Hi,

Les Mikesell wrote on 2009-07-07 12:17:56 -0500 [Re: [BackupPC-users] Hardware 
considerations for building dedicated backuppc server]:
> Filipe Brandenburger wrote:
> > On Mon, Jul 6, 2009 at 23:57, Les Mikesell<lesmikes...@gmail.com> wrote:
> >> The only thing that seems slightly strange in the graphs is the load 
> >> average
> >> going to 12 as the backups start and staying there a couple of hours.  
> >> Normally
> >> that's the average number of 'other' processes that are waiting for CPU but
> >> otherwise runnable (i.e. not themselves blocked on i/o).
> > 
> > I used to think that, but in fact processes that are blocked in disk
> > i/o (the ones in "D" state) do count in load average. So the load
> > average of 12 in this case probably means processes writing to the
> > disk.
> 
> That must be a Linux quirk (bug?) but it does explain some numbers I've 
> seen.

if it is, it's inherited at least from SunOS (and HP-UX, if I remember
correctly). I haven't been using Solaris for quite a while, so I can't say
if the load on NFS clients still goes up when NFS servers go down. SunOS 5.10
w(1) documents the load to mean "average number of jobs in the run queue",
which should *not* include processes waiting for I/O. Probably a Solaris quirk
(bug?) though.

Both ways of defining load make sense. Processes waiting for short term disk
I/O are using resources (and would probably be running if the disk was simply
faster).

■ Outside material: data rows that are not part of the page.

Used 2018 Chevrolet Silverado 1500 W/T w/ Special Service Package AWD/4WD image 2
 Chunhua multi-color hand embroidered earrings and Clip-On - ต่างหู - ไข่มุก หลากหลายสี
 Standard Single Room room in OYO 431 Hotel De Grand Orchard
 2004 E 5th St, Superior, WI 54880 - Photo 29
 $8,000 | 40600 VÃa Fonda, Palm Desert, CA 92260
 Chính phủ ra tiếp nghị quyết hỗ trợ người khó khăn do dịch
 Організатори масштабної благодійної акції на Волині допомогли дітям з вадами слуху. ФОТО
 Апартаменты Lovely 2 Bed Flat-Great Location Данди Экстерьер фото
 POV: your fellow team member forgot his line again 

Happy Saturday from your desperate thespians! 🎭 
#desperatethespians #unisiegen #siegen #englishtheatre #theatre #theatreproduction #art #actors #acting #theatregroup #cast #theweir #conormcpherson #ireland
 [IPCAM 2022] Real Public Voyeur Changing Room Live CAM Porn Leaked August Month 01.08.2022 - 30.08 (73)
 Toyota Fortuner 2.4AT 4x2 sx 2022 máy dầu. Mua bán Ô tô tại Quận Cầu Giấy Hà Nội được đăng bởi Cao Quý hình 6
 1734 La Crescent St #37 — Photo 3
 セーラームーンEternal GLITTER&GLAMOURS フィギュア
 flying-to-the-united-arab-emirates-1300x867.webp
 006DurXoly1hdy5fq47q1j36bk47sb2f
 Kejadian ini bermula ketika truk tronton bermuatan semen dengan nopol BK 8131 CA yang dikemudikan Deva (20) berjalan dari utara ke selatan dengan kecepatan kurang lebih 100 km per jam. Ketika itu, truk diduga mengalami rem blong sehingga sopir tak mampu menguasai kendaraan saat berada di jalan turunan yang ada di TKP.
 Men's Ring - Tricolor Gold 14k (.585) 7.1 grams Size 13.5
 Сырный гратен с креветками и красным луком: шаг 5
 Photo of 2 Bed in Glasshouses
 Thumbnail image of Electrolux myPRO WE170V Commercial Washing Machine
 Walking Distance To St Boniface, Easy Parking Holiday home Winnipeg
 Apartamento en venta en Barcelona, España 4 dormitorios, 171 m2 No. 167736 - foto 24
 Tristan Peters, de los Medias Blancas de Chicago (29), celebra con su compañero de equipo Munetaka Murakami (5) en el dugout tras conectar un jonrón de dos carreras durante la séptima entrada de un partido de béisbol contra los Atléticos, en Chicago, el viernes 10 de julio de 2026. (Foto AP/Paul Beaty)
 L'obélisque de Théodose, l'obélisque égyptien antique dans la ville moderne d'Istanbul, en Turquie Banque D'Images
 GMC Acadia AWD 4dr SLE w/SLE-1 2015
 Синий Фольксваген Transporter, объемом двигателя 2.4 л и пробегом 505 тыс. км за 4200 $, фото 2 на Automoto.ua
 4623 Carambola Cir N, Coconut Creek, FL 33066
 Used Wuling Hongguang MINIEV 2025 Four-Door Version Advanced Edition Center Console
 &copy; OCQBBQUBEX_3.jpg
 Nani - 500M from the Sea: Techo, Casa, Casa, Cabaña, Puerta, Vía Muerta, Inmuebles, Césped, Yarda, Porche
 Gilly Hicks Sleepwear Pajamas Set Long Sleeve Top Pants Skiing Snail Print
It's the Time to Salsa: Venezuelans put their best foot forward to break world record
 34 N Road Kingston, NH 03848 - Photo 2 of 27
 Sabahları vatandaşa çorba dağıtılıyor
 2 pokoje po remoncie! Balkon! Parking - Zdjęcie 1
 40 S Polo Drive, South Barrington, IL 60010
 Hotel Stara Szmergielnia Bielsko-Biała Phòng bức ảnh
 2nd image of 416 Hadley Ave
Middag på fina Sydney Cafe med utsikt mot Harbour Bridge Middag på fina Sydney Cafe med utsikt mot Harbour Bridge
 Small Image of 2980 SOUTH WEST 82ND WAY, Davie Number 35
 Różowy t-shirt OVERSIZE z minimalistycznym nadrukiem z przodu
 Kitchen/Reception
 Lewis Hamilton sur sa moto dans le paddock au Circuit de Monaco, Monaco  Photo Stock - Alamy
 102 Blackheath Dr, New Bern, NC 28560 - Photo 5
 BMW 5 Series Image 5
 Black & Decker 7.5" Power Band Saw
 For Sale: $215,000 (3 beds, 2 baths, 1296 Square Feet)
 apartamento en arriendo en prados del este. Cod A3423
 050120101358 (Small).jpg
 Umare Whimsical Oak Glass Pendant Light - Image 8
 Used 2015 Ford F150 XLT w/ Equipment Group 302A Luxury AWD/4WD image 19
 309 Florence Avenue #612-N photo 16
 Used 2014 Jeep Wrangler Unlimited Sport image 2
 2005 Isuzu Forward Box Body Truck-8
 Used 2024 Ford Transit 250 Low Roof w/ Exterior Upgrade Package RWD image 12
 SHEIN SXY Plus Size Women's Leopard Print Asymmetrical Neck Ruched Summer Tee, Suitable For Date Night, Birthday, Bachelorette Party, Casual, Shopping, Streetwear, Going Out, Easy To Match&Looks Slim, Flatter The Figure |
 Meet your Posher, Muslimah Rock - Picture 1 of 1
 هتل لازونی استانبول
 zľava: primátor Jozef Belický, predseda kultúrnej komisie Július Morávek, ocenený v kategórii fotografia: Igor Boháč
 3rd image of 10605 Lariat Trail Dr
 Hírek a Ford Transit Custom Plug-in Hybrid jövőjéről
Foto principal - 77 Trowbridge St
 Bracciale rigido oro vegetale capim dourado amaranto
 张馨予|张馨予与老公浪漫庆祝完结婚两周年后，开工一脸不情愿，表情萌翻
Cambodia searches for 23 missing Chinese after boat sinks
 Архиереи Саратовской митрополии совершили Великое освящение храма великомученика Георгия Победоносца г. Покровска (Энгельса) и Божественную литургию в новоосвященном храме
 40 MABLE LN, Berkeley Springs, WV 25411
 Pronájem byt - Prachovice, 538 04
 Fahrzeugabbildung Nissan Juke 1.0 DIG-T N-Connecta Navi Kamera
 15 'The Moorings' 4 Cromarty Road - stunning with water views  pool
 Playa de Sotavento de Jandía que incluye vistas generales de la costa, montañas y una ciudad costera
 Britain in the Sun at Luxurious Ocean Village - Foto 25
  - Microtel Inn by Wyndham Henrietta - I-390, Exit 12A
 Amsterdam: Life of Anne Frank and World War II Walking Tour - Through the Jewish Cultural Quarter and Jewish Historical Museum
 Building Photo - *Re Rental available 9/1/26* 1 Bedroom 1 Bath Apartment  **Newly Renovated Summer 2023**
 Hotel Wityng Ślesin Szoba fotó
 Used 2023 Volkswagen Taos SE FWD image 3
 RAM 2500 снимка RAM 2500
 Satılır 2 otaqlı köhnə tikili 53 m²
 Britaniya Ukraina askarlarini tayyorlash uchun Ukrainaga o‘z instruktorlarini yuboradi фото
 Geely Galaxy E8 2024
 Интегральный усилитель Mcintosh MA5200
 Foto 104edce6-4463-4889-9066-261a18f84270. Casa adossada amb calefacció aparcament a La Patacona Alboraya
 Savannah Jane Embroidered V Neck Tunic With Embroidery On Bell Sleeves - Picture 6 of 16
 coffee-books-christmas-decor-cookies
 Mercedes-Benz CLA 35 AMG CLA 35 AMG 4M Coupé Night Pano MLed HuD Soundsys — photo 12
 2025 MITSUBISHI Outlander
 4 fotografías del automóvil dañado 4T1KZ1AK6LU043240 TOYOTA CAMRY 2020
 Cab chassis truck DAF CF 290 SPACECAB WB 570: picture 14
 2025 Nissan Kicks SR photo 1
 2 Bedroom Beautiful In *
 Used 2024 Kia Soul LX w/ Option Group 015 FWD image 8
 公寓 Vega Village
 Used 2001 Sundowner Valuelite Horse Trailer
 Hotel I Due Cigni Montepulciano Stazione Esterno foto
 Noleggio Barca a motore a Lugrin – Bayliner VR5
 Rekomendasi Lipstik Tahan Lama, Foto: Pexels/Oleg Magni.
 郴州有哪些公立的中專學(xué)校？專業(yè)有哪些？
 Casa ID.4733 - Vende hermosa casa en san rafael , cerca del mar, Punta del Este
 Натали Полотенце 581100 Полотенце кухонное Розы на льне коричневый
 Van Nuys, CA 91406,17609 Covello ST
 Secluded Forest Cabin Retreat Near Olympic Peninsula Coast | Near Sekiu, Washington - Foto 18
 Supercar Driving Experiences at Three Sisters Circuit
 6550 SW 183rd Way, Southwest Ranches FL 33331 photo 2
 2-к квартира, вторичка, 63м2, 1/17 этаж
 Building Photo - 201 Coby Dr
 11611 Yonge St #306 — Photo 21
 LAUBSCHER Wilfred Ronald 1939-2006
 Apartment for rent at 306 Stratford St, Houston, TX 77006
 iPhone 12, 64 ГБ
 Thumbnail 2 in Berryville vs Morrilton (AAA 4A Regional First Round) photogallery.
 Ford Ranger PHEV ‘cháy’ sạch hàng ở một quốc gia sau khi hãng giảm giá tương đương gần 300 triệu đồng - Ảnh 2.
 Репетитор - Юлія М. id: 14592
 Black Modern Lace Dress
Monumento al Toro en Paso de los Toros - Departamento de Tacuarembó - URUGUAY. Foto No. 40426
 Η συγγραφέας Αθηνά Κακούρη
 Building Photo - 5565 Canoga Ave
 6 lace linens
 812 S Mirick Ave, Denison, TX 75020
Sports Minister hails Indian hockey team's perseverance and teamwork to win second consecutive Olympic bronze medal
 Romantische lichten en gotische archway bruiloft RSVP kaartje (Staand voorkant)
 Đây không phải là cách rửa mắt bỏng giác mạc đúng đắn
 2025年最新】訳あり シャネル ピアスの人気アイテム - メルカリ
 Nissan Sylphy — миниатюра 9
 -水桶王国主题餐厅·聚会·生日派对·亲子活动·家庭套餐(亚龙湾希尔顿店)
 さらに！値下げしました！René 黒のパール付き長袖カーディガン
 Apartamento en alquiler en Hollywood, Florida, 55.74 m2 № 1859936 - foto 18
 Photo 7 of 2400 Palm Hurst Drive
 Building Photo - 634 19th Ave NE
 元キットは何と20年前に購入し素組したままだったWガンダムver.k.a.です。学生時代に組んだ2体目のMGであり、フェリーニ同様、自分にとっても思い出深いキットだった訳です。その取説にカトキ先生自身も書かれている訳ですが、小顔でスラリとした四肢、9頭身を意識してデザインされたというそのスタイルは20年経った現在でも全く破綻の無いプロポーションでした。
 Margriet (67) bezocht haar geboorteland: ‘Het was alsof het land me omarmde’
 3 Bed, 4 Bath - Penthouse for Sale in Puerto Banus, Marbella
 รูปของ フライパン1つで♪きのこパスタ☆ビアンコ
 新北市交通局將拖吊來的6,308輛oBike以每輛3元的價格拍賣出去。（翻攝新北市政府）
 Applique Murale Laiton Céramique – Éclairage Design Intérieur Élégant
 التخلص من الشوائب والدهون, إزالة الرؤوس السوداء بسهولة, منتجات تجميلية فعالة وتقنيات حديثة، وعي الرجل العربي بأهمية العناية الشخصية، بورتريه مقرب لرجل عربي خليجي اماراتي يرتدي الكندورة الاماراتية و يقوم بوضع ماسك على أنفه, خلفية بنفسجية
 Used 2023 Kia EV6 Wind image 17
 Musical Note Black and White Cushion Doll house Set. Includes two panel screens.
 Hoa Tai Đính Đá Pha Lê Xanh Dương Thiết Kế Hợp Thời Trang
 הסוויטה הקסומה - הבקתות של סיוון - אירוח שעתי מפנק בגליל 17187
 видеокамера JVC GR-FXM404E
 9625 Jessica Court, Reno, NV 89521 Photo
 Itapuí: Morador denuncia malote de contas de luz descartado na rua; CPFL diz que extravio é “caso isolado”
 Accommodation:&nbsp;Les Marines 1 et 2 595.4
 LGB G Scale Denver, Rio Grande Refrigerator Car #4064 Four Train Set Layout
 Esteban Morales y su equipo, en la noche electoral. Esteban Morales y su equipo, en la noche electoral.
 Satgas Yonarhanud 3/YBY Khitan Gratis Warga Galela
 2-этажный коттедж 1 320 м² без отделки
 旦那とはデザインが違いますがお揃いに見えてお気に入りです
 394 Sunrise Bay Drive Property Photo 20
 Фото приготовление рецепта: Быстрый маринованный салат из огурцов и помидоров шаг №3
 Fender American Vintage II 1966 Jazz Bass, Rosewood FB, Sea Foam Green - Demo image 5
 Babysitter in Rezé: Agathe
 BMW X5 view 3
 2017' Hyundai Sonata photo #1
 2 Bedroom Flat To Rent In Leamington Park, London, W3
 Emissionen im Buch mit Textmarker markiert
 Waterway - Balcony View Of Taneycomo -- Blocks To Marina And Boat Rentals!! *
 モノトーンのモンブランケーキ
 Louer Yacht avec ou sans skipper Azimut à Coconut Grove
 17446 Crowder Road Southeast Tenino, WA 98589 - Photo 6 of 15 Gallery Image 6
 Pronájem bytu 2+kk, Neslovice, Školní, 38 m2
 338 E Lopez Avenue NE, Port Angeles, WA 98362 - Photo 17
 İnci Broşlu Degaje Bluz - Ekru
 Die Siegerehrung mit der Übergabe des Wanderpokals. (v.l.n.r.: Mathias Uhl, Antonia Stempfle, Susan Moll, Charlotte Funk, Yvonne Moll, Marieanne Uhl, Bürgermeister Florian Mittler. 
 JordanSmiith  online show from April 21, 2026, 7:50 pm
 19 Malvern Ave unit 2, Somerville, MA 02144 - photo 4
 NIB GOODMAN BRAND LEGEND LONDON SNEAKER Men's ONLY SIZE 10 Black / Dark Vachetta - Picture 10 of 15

NFS I/O is not necessarily "short term", but that's a different
matter.

Linux uptime(1) documents what "system load" means on Linux.

Wherever it matters, you won't be looking at a single figure to measure your
system's state anyway.

> Regardless, there shouldn't be that many things running.

Yes, running BackupPC_nightly outside the backup window (as has already been
agreed upon) is definitely important.